How to emulate upcoming `load_async` in Rails 7?

belaustegui · June 9, 2021, 11:31am

I was reading this blog post and found this part really interesting:

Rails 7 introduces a method load_async to schedule the query to be performed asynchronously from a thread pool. If the result is accessed before a background thread had the opportunity to perform the query, it will be performed in the foreground.

The implementations seems to schedule the operation in a thread pool so it executes in background without blocking the process. This seems really close to one of the BEAM strengths.

The example in the Rails PR would be equivalent to something like:

def index(conn, _params)
  # The posts and categories queries are run in paralell
  posts = Repo.all(posts_query)
  categories = Repo.all(categories_query)

  render(conn, posts: posts, categories: categories)
end

My first thought would be to wrap the Repo calls in Task.async and Task.await. But Task.await is blocking so, to get the categories we would wait for the posts, even though they may be used in a different order in the template.

So, my question is: does anyone have an idea about how to emulate this into a Phoenix application? Could this be an interesting functionality in Ecto? Does any of this make any sense ?

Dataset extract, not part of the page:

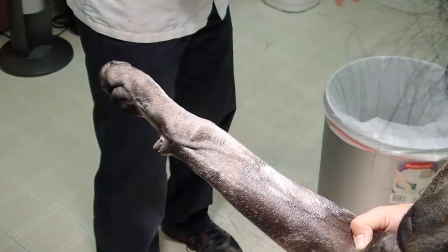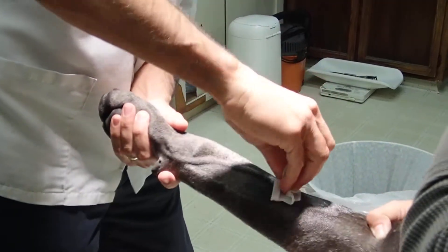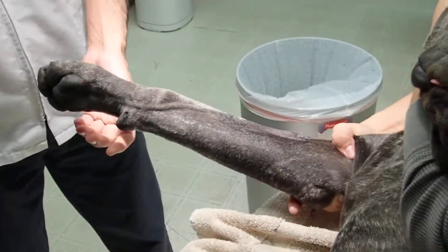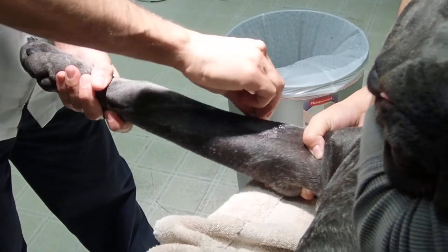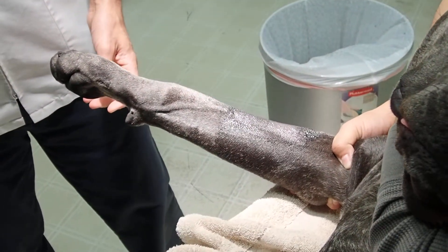She's a very rambunctious dog and she has been premedicated. I'm going to do one more alcohol wipe and one last scrub.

stefanchrobot · June 9, 2021, 11:44am

Seems like a pretty good fit for Task.await_many/2:

def index(conn, _params)
  # The posts and categories queries are run in paralell
  [posts, categories] = Task.await_many([
    Task.async(fn -> Repo.all(posts_query) end),
    Task.async(fn -> Repo.all(categories_query) end)
  ])

  render(conn, posts: posts, categories: categories)
end

EDIT: fixed the code; sorry didn’t try this out in a real app.

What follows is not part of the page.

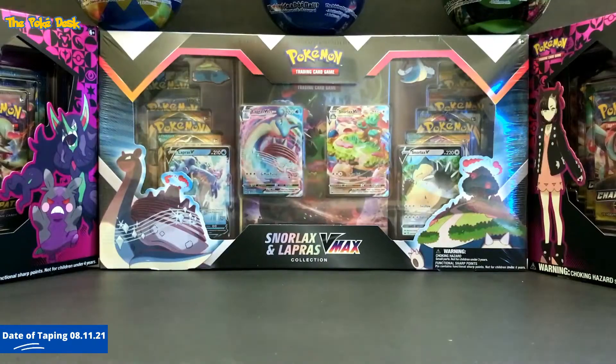Hi Pokedest family. Let's check out what I got in the mail today. Let's start with the first one.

LostKobrakai · June 9, 2021, 12:05pm

That’s going to be the tricky part: Having any access wait for actual data and return it. Implementing Enum and Access might get you part of the way, but you’ll still loose useful tools like pattern matching.

hauleth · June 9, 2021, 1:00pm

I would say that something like @stefanchrobot shown makes sense, as it allows to run several queries in parallel reducing load time. However in general lazy fetching like in load_async documentation:

If the result is accessed before a background thread had the opportunity to perform the query, it will be performed in the foreground.

IMHO doesn’t make much sense, as in Elixir the requests are naturally handled concurrently which is not always happening in Ruby (due to GIL).

benwilson512 · June 9, 2021, 2:17pm

As @hauleth notes, while this can improve the performance of a single request a little bit, it actually doesn’t improve the performance of the system as a whole in Elixir, because individual requests are already async WRT one another. In Rails this is not the case, so adding an extra async call in each request can improve the performance of the system.

However if you want to go forward with it @stefanchrobot I think has roughly the right solution.

dimitarvp · June 9, 2021, 4:26pm

This Rails feature is aimed to alleviate a weakness in its runtime; a weakness that Elixir doesn’t have. As @hauleth and @benwilson512 are pointing out, the potential wins are negligible while the complexity will explode, and developer ergonomics will be reduced.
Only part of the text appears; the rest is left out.